Editor’s Pick: ADD THE WORDS

by Michael Guillén

In my first political science class at San Francisco State University in the mid-’70s, my professor argued that without practicing solidarity with the struggles of disempowered people, political change could never be effected.  Solidarity became the introductory lynchpin to an engaged activism that resisted pluralistic efforts to divide and conquer.  “Unless you can feel solidarity with the cultural critiques proposed in Malcolm X’s autobiography and the prison letters of George Jackson,” my professor insisted, “you will never understand the plight of Black people in the United States.” 

Up went the red flag, and my hand.  “I find it problematic to be in solidarity with Malcolm X, whose biography I’ve read, and George Jackson, whose prison letters I’ve read, when they are both so unapologetically homophobic,” I countered.  “Are you saying there is a hierarchy to solidarity with some causes being of central importance over others?”  The rest of the class was spent in argument over how the nascent LGBT movement could be in solidarity with Black Power and I don’t remember walking away from that class with any clear resolution.  Solidarity, from the get-go, was defined straight off as an activity conflicted by conscience and circumstance.

Decades later and the practice of political solidarity remains a historical juggle of noble causes and relevant concerns.  At its best it can appear obvious and consensual; at its worst, contentious and debatable.  In the first camp would be my solidarity—and my hopes for Bay Area solidarity—with a documentary project emerging from the State of Idaho: Michael Gough and Cammie Pavesic’s Add the Words  (2014), which chronicles that state’s conservative legislature and its eight-year refusal to add four words—”sexual orientation” and “gender identity”—to the state’s existing Human Rights Act.  I fully anticipate seeing this film in next year’s Frameline program as representative of the continuing state-by-state struggle for gay rights.  You heard it here first.

add the words_poster

Unfortunately, here in San Francisco it hasn’t taken very long for the average queer to take their liberties for granted.  I sometimes worry that the street activism of the ’70s and ’80s is being purposely forgotten as choices shift to more commodified preoccupations: What to buy?  Where to shop?  Was our freedom won only to be reconfigured as a target market?  Was our emancipation all about purchasing power?

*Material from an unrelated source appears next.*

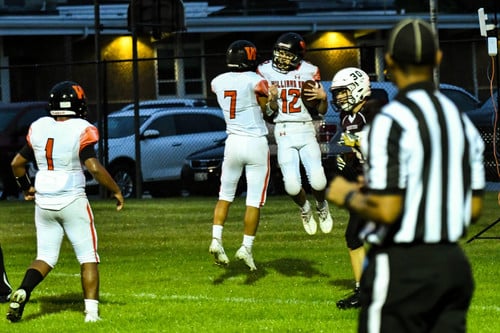 Williams Bay Football Pictures - Photo Number 6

“Idahomos” don’t have that luxury.  They can still be fired from their jobs, evicted from their homes, have their children taken away, and endure the daily discrimination of second-class citizenship just for choosing to love who they were born to love, let alone marrying who they love.  Idaho Governor Butch Otter and his bought-and-sold legislature have promised each legislative session that they would listen to the concerns of their gay constituencies and their allies.  Instead, they have done what Idaho state government does best: struggle to remain in the 20th century, if not even further back, by refusing to acknowledge poll figures that demonstrate a majority of Idahoans wish to end discrimination against LGBT people.  To add insult to injury, they recently tried (but failed) to pass a bill allowing discrimination on the basis of religious freedom rather than listen to arguments for the passage of an amended Human Rights Act.

Former Idaho senator Nicole LeFavour decided enough was enough and this year mobilized the “Add the Words” campaign of non-violent resistance that blocked access to legislative chambers with earnest protesters covering their mouths to symbolize how they have been silenced.  She was one of 44 activists arrested on February 3, 2014 at Boise’s Statehouse on suspicion of misdemeanor trespassing, having blocked the Idaho Senate’s entrances for more than two hours in a silent protest two months in the planning on behalf of the Add The Words campaign, an act of civil disobedience which she had organized.  Three of those arrested were juveniles, and LeFavour herself was, unexpectedly, the last person to be arrested after the Idaho Senate voted to suspend its rule which allows former members to be on the Senate floor.  The desperate gestures of a legislature wheezing into obsolescence.

By the end of February, following other protests, 122 arrests had been conducted (with some protestors being arrested more than once, and all of whom are being represented pro bono), and negotiations between LGBT-rights advocates and religiously conservative legislators had tentatively begun.  By early March, LeFavour had been arrested four times in five weeks, and in mid-March, was discovered in an act of political theater during a direct action protest after having literally hid in a closet in the Idaho Senate lounge for hours.  There is no question in my mind that Nicole LeFavour will go down in queer history as one of the giants of LGBT emancipation.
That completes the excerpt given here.